The results closely match those based on Eq. (8.8b).

FIGURE 8.58 3D view of Fig. 8.56 after range cell migration correction.

Both fractional range cell interpolation and range sample shift are then applied on the signal array of Fig. 8.56. For simplicity, only ΔN_k1 was used in simulation and the result is shown in Fig. 8.58.

As can be seen, the magnitudes of the range migration corrected spectrum array become equal for both columns of the spectrum array. The magnitude of the left column array doubles that of the right one because there are two targets.

A different view of the range migration corrected spectrum is shown in Fig. 8.59. The horizontal axis shows the time samples, and the vertical axis represents the Doppler frequency bins with 1 of 30 bins shown. The new plot shows that the two spectrum arrays are aligned at two time samples, one at sample 181 and the other at sample 211. The bandwidth of both arrays is about equal, yet the magnitude of the left column is greater than that of the right column because there are two targets. Again, some portions of the left column appear smaller than the rest of the same array because of phase cancellation from the two targets at the same range distance R_0a.

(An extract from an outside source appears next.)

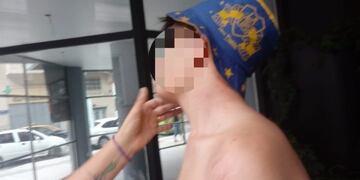 Un padre golpeó a un menor que festejaba el pase al quinto año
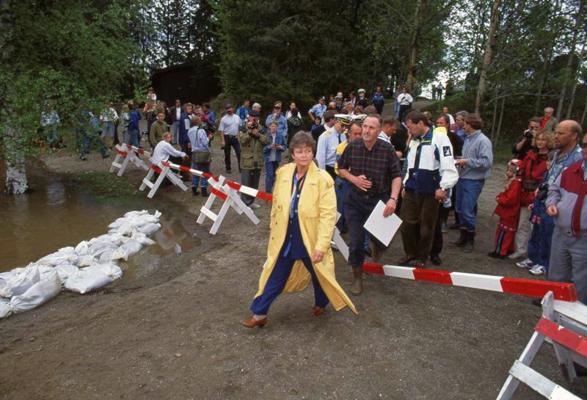 Premjerministre Grū Hārlema Bruntlanne apmeklē plūdu skartos reģionus. Norvēģija, 02.06.1995.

Azimuth compression is then performed on the range migration corrected spectrum array in the range–Doppler frequency domain. The range-dependent azimuth matched filter h_az1(s) is applied to columns of time samples 1–190 of the spectrum array, and h_az2(s) is applied to columns (time sample) 191–256 of the spectrum array. After the azimuth compression, the Doppler frequency spectrum array is inverse-Fourier-transformed back to the range–azimuth (or time–spatial) domain. A 3D view of the final data array in the spatiotemporal domain is shown in Fig. 8.60 with two impulse-like signals appearing at (181,571) and (181,947), respectively, and the third one at (211,786). All three targets appear to have the same magnitude.

FIGURE 8.59 2D view of Fig. 8.56 after range cell migration correction.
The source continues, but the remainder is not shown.